┌──

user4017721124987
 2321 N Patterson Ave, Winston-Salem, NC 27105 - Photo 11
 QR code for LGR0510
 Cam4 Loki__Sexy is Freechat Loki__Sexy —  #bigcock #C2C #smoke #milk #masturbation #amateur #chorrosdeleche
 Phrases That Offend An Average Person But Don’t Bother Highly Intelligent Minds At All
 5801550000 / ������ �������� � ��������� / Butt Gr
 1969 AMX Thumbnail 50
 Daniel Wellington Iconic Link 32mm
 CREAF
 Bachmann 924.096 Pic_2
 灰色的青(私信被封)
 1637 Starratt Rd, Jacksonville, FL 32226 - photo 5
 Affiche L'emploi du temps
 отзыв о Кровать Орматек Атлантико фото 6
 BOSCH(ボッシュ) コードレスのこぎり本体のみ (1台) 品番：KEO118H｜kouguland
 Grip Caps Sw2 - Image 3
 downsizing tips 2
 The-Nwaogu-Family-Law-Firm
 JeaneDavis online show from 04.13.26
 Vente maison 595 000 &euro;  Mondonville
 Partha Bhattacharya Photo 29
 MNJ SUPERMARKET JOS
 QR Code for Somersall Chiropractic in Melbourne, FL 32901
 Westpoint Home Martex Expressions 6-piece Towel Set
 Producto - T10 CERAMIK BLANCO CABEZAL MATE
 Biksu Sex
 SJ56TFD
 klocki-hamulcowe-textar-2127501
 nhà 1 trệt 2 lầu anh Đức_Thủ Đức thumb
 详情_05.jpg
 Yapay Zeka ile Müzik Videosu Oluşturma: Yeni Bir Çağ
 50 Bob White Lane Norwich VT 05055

└──

Task details:
Your answer must be the lines from the one holding "JeaneDavis online show from 04.13.26" to the end of the listing above, exactly as written and nothing else.

Exercise output:
 JeaneDavis online show from 04.13.26
 Vente maison 595 000 &euro;  Mondonville
 Partha Bhattacharya Photo 29
 MNJ SUPERMARKET JOS
 QR Code for Somersall Chiropractic in Melbourne, FL 32901
 Westpoint Home Martex Expressions 6-piece Towel Set
 Producto - T10 CERAMIK BLANCO CABEZAL MATE
 Biksu Sex
 SJ56TFD
 klocki-hamulcowe-textar-2127501
 nhà 1 trệt 2 lầu anh Đức_Thủ Đức thumb
 详情_05.jpg
 Yapay Zeka ile Müzik Videosu Oluşturma: Yeni Bir Çağ
 50 Bob White Lane Norwich VT 05055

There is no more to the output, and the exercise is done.